→ **Work instructions**
From the records below, copy out exactly the lines from the one containing "新品クラシックブラックシートカバー装着！" to the one containing "Стеновая защита углов с желтыми светооотражателями Стеновая", both included. Add nothing else.

Dataset entries:
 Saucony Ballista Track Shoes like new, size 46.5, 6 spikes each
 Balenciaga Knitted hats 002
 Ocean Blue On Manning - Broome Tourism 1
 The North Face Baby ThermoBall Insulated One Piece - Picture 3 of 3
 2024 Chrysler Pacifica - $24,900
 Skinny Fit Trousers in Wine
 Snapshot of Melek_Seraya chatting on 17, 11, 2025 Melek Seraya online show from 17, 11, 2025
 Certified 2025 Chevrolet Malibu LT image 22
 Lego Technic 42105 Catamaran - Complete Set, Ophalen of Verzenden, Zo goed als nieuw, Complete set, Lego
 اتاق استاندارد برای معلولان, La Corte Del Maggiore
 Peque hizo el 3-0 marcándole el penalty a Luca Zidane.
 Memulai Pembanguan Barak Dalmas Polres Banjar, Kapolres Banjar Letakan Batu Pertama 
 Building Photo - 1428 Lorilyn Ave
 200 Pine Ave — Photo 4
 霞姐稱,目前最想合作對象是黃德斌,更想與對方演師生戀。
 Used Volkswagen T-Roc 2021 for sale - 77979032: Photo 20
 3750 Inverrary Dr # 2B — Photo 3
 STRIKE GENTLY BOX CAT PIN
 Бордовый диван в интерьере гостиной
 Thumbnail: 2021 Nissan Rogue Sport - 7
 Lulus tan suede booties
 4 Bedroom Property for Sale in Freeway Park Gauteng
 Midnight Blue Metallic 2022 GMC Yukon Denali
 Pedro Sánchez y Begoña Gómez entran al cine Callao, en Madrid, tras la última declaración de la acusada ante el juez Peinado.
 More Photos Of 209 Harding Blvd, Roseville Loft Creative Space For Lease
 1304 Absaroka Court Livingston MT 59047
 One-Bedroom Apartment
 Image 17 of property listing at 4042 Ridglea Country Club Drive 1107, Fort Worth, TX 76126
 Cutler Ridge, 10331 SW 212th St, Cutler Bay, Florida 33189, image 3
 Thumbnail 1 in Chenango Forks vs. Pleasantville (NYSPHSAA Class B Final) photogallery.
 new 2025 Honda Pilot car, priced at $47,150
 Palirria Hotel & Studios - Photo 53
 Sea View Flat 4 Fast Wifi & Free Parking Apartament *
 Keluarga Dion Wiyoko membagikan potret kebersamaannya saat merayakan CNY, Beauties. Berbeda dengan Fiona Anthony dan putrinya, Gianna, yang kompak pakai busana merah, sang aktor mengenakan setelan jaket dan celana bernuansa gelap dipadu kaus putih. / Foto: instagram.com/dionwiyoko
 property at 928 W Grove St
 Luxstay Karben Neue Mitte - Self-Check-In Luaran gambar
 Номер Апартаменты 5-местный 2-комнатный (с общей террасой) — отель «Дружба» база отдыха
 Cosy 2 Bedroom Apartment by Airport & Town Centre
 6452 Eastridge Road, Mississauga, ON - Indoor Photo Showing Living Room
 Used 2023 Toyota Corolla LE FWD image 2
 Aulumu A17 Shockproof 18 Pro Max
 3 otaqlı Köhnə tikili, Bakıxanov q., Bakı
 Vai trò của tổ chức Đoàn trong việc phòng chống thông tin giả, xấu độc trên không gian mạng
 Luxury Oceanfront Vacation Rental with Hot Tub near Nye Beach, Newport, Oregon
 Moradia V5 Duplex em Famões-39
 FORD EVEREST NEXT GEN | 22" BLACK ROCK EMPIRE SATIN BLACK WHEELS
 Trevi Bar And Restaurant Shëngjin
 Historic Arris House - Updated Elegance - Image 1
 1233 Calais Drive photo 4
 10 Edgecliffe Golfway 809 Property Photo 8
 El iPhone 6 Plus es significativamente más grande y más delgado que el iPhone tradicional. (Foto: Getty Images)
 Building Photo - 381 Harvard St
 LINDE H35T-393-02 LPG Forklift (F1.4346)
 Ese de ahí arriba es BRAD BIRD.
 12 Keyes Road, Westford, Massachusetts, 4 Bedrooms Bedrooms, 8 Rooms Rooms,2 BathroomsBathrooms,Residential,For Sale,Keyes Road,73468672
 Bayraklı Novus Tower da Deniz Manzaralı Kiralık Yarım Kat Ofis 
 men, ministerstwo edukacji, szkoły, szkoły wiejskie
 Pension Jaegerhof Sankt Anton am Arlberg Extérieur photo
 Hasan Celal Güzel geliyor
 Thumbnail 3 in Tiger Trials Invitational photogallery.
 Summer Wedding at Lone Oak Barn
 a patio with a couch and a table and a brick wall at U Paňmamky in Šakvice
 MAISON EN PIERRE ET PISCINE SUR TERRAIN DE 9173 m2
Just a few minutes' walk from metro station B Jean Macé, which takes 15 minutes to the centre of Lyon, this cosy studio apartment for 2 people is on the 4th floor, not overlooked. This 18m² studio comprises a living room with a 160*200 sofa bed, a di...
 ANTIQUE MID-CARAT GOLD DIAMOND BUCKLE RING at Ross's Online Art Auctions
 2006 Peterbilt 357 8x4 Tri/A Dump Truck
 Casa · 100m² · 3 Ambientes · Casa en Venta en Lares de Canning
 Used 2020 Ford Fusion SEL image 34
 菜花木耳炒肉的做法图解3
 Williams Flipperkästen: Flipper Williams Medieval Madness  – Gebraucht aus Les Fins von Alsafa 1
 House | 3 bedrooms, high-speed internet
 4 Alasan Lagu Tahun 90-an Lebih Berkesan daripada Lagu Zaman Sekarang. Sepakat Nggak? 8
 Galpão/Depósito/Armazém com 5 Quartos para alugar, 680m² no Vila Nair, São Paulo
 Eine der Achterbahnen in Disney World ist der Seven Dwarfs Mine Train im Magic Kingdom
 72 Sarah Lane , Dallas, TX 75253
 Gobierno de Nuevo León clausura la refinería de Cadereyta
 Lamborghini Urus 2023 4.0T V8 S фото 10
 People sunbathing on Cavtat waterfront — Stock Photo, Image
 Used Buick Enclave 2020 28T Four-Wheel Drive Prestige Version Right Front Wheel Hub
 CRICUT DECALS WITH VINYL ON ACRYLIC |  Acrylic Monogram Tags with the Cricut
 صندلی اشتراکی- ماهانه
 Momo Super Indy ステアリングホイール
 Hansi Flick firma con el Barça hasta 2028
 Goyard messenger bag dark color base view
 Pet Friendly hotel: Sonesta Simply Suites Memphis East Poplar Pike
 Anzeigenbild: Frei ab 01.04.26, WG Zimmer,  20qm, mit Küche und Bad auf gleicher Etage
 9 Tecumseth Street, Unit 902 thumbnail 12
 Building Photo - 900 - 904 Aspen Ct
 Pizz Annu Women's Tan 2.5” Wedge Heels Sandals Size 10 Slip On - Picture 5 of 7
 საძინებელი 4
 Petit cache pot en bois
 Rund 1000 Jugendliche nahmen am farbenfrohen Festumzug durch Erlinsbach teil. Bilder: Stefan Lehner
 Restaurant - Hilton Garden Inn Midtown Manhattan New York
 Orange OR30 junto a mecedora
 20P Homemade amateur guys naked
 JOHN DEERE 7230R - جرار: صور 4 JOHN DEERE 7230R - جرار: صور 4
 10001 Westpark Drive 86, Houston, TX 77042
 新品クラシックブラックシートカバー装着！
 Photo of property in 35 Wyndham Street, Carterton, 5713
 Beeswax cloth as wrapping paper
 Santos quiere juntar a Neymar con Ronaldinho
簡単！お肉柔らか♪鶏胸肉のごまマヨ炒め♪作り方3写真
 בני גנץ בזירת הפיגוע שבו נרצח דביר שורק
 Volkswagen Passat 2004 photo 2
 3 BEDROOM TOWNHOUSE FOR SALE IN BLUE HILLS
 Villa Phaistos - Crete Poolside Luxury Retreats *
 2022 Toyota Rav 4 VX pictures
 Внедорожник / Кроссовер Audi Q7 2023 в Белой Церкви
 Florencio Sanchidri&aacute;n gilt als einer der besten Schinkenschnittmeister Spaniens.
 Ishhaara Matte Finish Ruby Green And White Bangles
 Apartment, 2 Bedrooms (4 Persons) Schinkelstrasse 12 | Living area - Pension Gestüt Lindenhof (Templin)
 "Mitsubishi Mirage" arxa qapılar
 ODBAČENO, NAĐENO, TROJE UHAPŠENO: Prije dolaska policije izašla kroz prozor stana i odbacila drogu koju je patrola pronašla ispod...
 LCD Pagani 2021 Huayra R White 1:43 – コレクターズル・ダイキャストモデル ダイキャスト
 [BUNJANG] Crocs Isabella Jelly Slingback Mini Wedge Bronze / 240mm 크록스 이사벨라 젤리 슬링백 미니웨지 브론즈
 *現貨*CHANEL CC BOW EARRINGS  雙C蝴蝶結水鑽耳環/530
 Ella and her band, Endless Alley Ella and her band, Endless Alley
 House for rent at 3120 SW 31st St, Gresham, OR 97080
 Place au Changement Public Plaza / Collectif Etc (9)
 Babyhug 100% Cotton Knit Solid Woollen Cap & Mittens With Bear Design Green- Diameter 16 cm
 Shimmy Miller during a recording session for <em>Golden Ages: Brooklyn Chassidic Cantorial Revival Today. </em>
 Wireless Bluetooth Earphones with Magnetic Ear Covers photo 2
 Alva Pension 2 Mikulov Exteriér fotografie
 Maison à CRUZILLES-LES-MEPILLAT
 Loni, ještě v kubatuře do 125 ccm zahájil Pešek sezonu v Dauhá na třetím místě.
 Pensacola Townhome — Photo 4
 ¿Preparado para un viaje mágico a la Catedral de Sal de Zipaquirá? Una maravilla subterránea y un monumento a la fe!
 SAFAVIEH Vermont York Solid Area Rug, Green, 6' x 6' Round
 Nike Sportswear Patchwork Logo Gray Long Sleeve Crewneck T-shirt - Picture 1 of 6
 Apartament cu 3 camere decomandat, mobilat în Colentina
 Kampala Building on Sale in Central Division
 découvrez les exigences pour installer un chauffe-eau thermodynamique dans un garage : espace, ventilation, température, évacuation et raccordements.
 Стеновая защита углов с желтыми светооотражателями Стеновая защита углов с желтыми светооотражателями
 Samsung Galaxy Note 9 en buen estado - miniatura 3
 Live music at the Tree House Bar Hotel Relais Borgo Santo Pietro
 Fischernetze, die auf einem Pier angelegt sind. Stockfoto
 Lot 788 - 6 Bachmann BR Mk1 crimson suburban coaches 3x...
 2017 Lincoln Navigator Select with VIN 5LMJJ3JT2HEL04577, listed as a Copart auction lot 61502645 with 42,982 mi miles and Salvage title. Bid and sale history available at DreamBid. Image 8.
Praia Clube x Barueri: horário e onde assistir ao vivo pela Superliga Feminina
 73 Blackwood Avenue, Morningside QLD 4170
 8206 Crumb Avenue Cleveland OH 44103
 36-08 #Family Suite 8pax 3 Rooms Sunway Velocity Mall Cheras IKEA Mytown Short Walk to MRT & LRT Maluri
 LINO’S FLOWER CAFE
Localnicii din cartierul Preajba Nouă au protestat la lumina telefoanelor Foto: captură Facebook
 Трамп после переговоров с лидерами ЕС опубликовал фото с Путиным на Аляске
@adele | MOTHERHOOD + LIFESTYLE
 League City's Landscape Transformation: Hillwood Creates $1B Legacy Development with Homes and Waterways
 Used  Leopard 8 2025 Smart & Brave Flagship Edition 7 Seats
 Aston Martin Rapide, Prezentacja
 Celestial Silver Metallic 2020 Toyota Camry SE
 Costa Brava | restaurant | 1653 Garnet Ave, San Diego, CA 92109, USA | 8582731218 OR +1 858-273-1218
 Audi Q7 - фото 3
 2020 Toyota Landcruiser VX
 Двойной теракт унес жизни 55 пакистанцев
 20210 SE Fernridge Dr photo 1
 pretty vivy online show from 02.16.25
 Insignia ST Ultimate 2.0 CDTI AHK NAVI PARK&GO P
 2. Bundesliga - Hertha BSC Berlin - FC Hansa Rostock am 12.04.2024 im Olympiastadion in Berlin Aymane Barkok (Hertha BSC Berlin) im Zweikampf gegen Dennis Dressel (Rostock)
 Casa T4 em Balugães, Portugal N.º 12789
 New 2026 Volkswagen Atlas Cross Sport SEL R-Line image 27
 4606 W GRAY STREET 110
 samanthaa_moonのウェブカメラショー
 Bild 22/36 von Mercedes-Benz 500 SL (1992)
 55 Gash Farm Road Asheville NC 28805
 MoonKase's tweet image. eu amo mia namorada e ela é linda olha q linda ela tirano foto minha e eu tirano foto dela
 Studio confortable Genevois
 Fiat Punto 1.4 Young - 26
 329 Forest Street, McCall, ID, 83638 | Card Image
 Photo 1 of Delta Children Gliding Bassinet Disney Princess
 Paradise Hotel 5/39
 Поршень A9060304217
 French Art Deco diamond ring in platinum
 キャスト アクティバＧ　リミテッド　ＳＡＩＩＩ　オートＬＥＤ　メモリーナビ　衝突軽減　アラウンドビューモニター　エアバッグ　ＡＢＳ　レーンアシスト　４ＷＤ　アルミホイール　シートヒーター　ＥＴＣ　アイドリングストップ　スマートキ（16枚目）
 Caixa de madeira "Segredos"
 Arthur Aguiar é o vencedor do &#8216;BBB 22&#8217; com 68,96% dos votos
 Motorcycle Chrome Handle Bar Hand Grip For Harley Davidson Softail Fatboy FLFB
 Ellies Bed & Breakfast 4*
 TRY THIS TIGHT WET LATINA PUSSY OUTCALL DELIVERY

→ **Answer section**
 新品クラシックブラックシートカバー装着！
 Photo of property in 35 Wyndham Street, Carterton, 5713
 Beeswax cloth as wrapping paper
 Santos quiere juntar a Neymar con Ronaldinho
簡単！お肉柔らか♪鶏胸肉のごまマヨ炒め♪作り方3写真
 בני גנץ בזירת הפיגוע שבו נרצח דביר שורק
 Volkswagen Passat 2004 photo 2
 3 BEDROOM TOWNHOUSE FOR SALE IN BLUE HILLS
 Villa Phaistos - Crete Poolside Luxury Retreats *
 2022 Toyota Rav 4 VX pictures
 Внедорожник / Кроссовер Audi Q7 2023 в Белой Церкви
 Florencio Sanchidri&aacute;n gilt als einer der besten Schinkenschnittmeister Spaniens.
 Ishhaara Matte Finish Ruby Green And White Bangles
 Apartment, 2 Bedrooms (4 Persons) Schinkelstrasse 12 | Living area - Pension Gestüt Lindenhof (Templin)
 "Mitsubishi Mirage" arxa qapılar
 ODBAČENO, NAĐENO, TROJE UHAPŠENO: Prije dolaska policije izašla kroz prozor stana i odbacila drogu koju je patrola pronašla ispod...
 LCD Pagani 2021 Huayra R White 1:43 – コレクターズル・ダイキャストモデル ダイキャスト
 [BUNJANG] Crocs Isabella Jelly Slingback Mini Wedge Bronze / 240mm 크록스 이사벨라 젤리 슬링백 미니웨지 브론즈
 *現貨*CHANEL CC BOW EARRINGS  雙C蝴蝶結水鑽耳環/530
 Ella and her band, Endless Alley Ella and her band, Endless Alley
 House for rent at 3120 SW 31st St, Gresham, OR 97080
 Place au Changement Public Plaza / Collectif Etc (9)
 Babyhug 100% Cotton Knit Solid Woollen Cap & Mittens With Bear Design Green- Diameter 16 cm
 Shimmy Miller during a recording session for <em>Golden Ages: Brooklyn Chassidic Cantorial Revival Today. </em>
 Wireless Bluetooth Earphones with Magnetic Ear Covers photo 2
 Alva Pension 2 Mikulov Exteriér fotografie
 Maison à CRUZILLES-LES-MEPILLAT
 Loni, ještě v kubatuře do 125 ccm zahájil Pešek sezonu v Dauhá na třetím místě.
 Pensacola Townhome — Photo 4
 ¿Preparado para un viaje mágico a la Catedral de Sal de Zipaquirá? Una maravilla subterránea y un monumento a la fe!
 SAFAVIEH Vermont York Solid Area Rug, Green, 6' x 6' Round
 Nike Sportswear Patchwork Logo Gray Long Sleeve Crewneck T-shirt - Picture 1 of 6
 Apartament cu 3 camere decomandat, mobilat în Colentina
 Kampala Building on Sale in Central Division
 découvrez les exigences pour installer un chauffe-eau thermodynamique dans un garage : espace, ventilation, température, évacuation et raccordements.
 Стеновая защита углов с желтыми светооотражателями Стеновая защита углов с желтыми светооотражателями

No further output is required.